Data to examine:
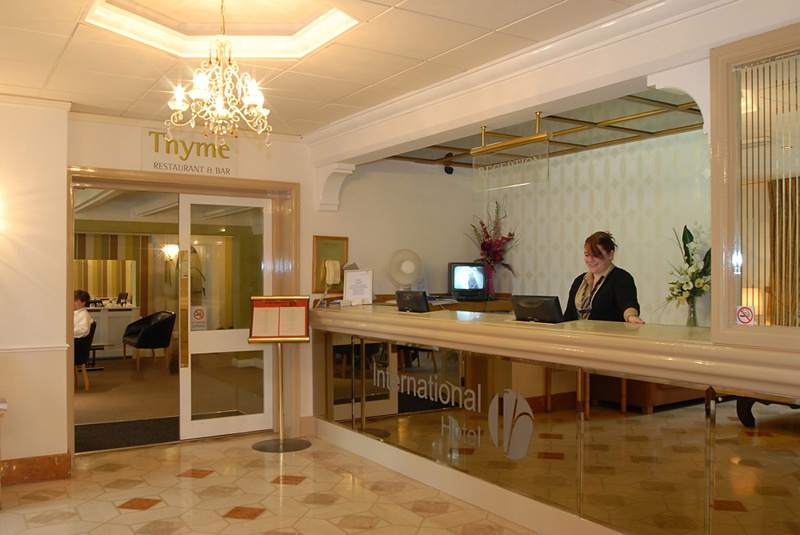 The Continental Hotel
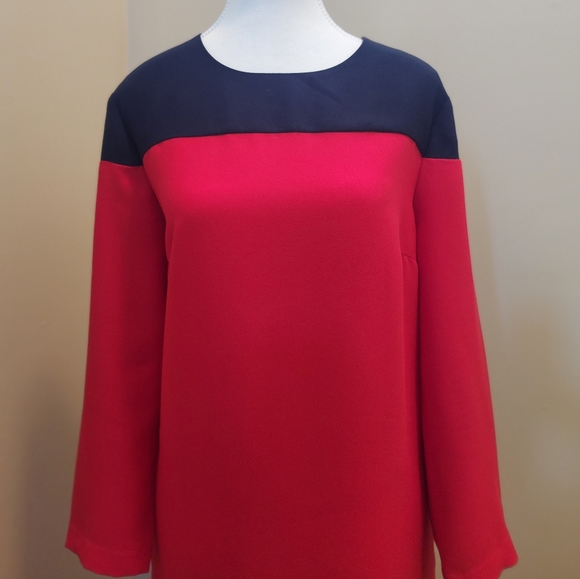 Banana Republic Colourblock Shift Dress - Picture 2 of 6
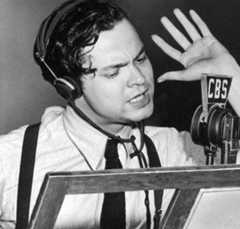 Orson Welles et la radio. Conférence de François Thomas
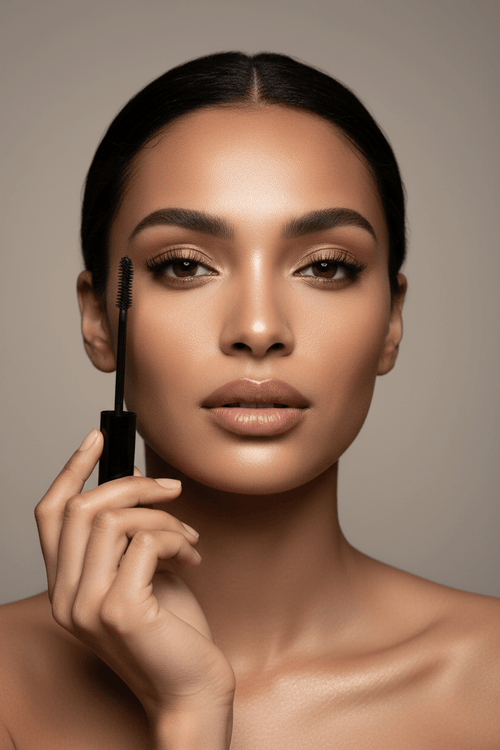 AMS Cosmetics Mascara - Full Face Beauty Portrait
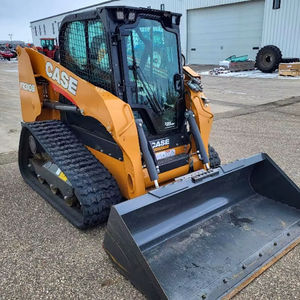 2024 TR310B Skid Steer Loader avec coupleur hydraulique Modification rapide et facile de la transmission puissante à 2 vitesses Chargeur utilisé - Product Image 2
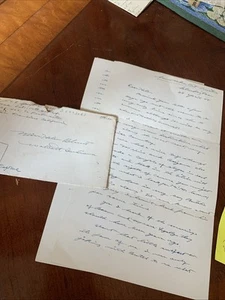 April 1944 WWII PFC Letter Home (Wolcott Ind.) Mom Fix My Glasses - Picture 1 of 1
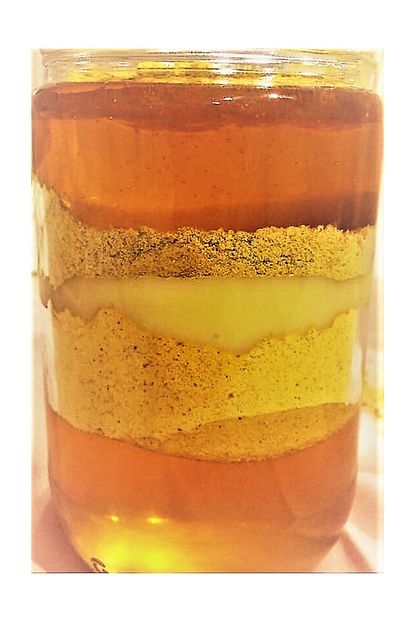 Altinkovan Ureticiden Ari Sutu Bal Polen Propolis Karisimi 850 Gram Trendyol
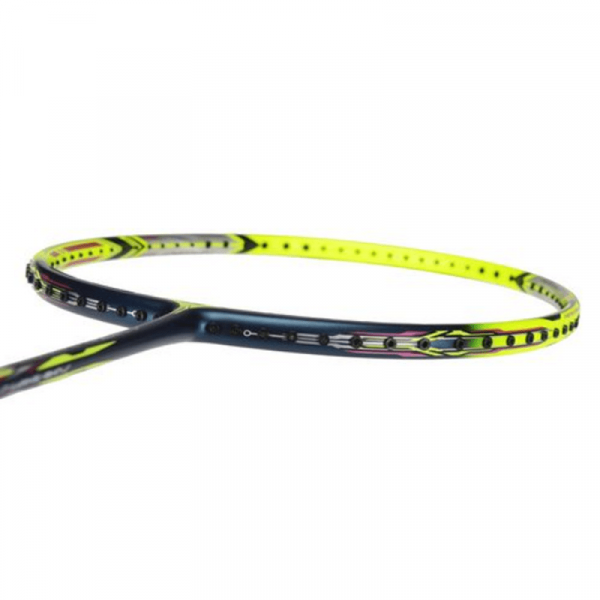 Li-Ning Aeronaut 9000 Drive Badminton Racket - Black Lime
...
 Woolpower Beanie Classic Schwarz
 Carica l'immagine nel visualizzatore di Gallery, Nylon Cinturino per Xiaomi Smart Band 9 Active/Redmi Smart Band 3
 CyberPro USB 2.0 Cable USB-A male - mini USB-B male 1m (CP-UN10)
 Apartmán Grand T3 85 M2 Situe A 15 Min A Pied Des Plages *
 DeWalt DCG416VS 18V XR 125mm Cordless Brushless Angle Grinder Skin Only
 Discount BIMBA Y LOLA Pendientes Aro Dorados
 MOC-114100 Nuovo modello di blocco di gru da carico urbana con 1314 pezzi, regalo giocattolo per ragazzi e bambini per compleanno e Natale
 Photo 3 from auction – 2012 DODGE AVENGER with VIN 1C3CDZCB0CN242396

Exercise description:
Nothing but the lines from the one containing "Orson Welles et" through the one containing "AMS Cosmetics Mascara" should appear, copied exactly from the material above and without pictures.

Result:
 Orson Welles et la radio. Conférence de François Thomas
 AMS Cosmetics Mascara - Full Face Beauty Portrait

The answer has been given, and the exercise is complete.